All of the data that follows is to be written out exactly, with images excluded.

···

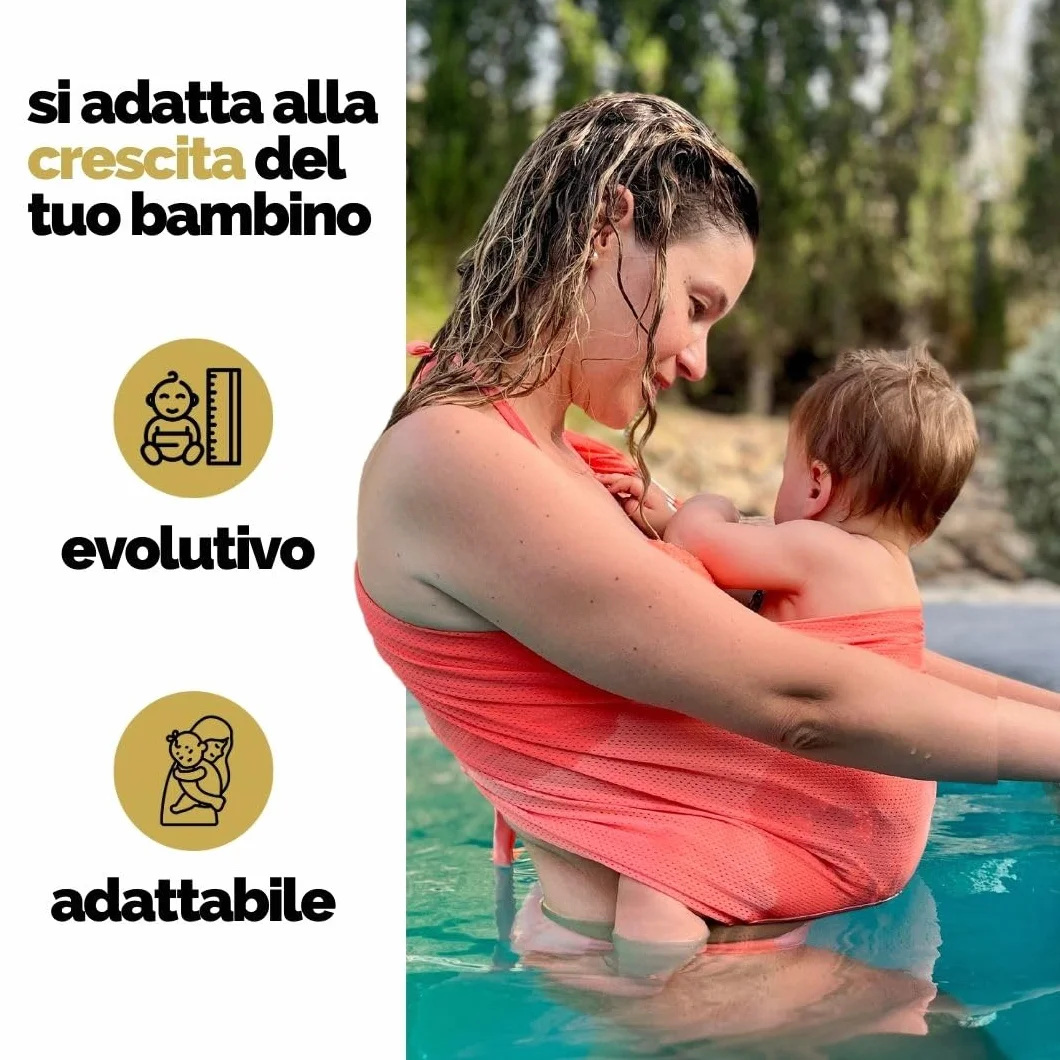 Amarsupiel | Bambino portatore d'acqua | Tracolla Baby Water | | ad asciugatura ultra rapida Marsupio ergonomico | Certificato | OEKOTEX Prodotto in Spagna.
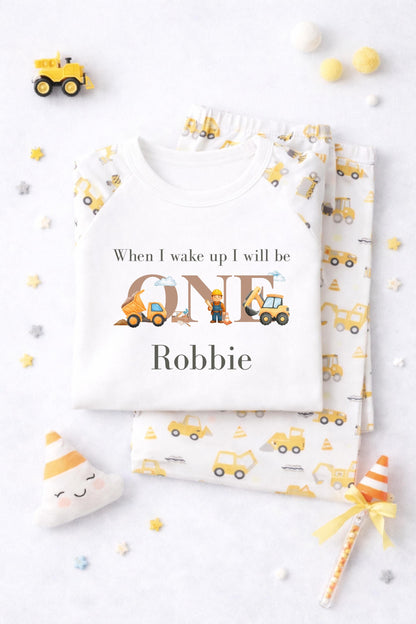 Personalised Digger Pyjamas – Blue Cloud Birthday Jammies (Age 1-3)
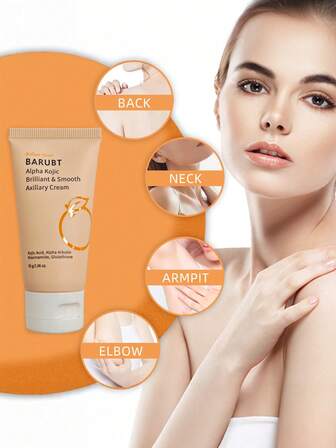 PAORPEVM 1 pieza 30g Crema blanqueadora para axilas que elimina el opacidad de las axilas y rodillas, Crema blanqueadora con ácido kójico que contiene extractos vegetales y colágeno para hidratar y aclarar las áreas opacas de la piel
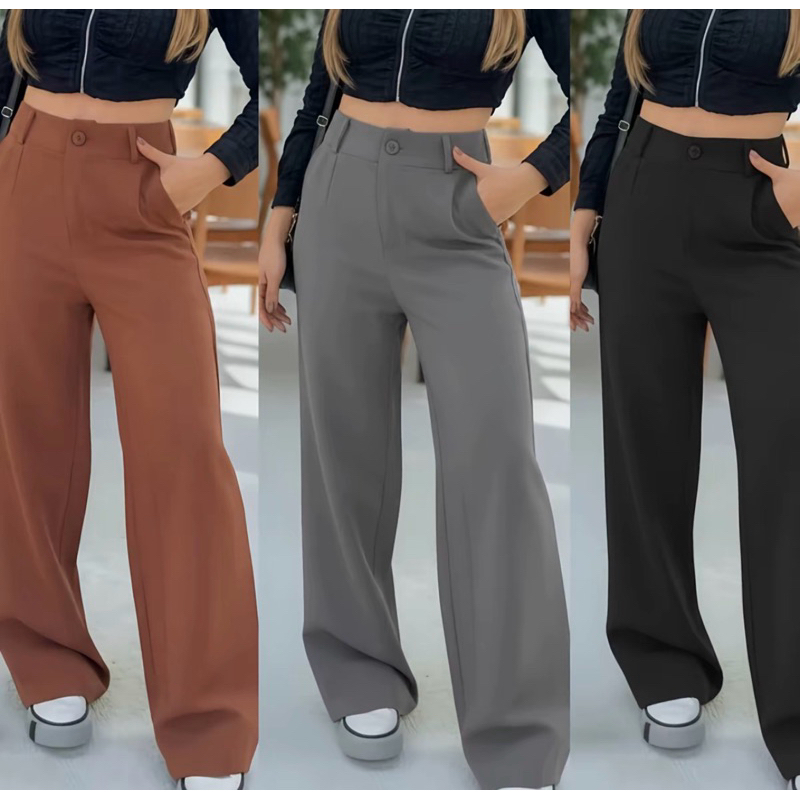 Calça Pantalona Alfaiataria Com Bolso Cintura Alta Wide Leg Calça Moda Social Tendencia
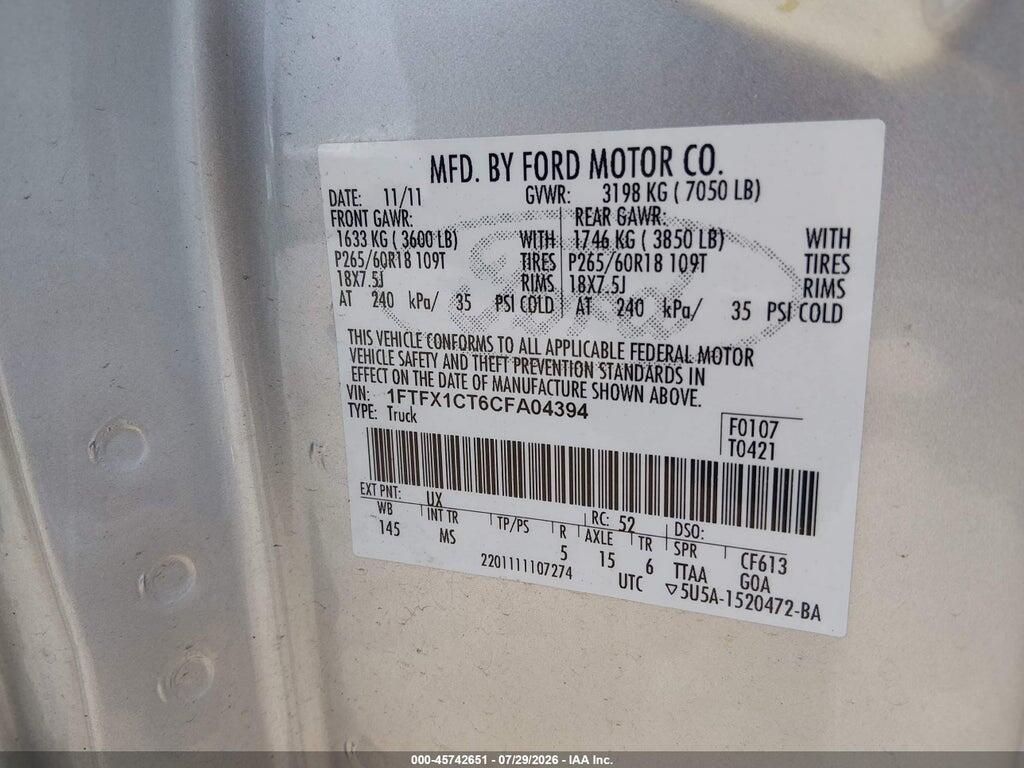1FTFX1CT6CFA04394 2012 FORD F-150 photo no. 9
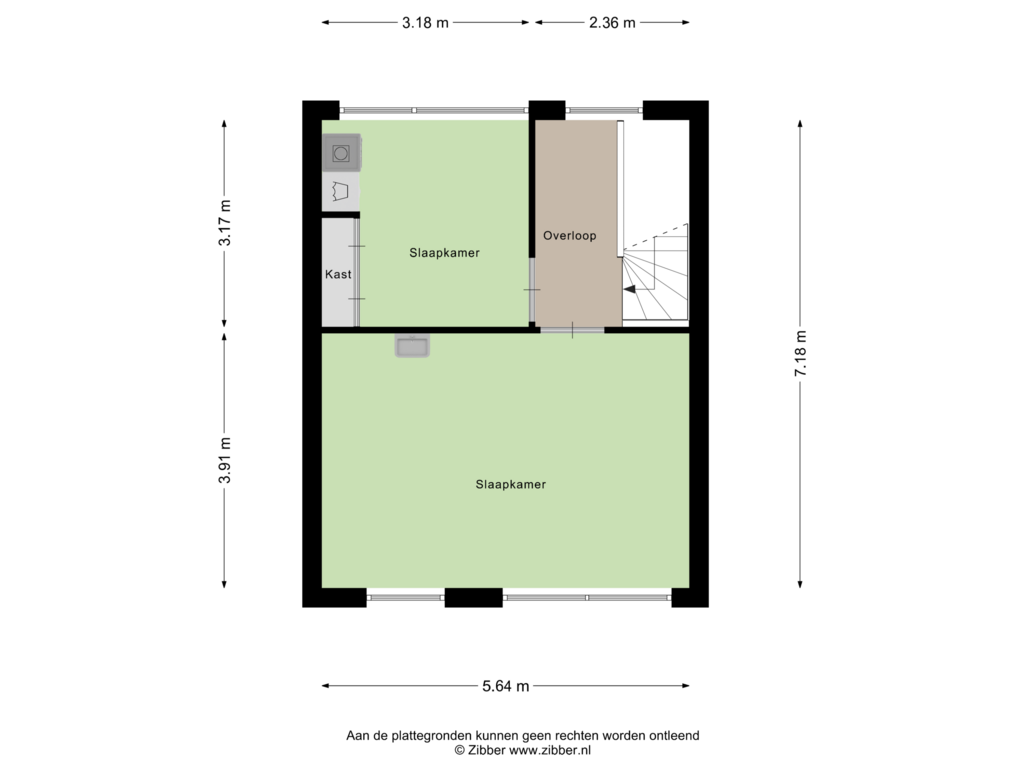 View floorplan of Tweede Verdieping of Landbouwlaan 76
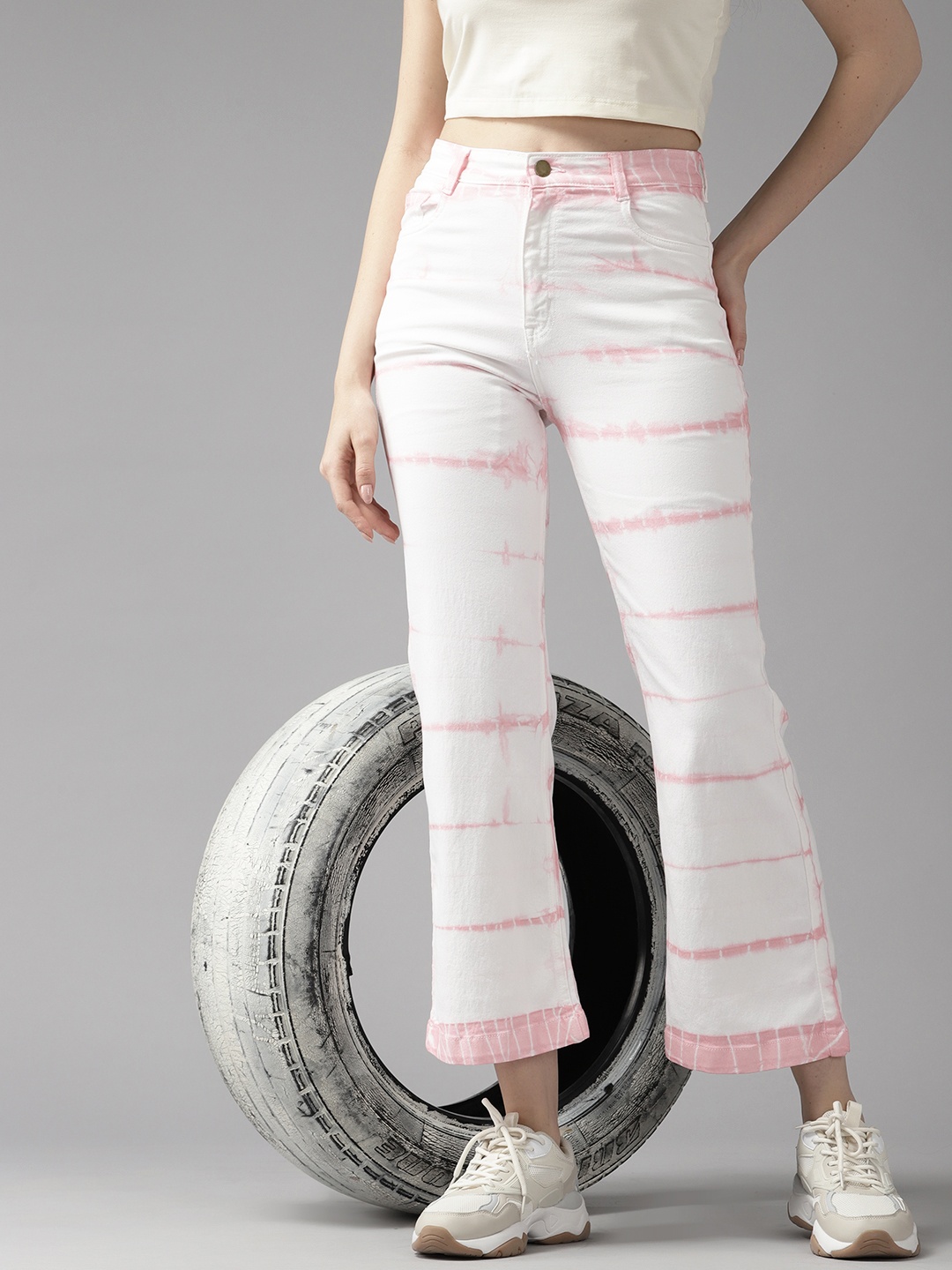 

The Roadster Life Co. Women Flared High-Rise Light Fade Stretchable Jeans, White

···

## TASK SOLUTION
 Amarsupiel | Bambino portatore d'acqua | Tracolla Baby Water | | ad asciugatura ultra rapida Marsupio ergonomico | Certificato | OEKOTEX Prodotto in Spagna.
 Personalised Digger Pyjamas – Blue Cloud Birthday Jammies (Age 1-3)
 PAORPEVM 1 pieza 30g Crema blanqueadora para axilas que elimina el opacidad de las axilas y rodillas, Crema blanqueadora con ácido kójico que contiene extractos vegetales y colágeno para hidratar y aclarar las áreas opacas de la piel
 Calça Pantalona Alfaiataria Com Bolso Cintura Alta Wide Leg Calça Moda Social Tendencia
1FTFX1CT6CFA04394 2012 FORD F-150 photo no. 9
 View floorplan of Tweede Verdieping of Landbouwlaan 76

The Roadster Life Co. Women Flared High-Rise Light Fade Stretchable Jeans, White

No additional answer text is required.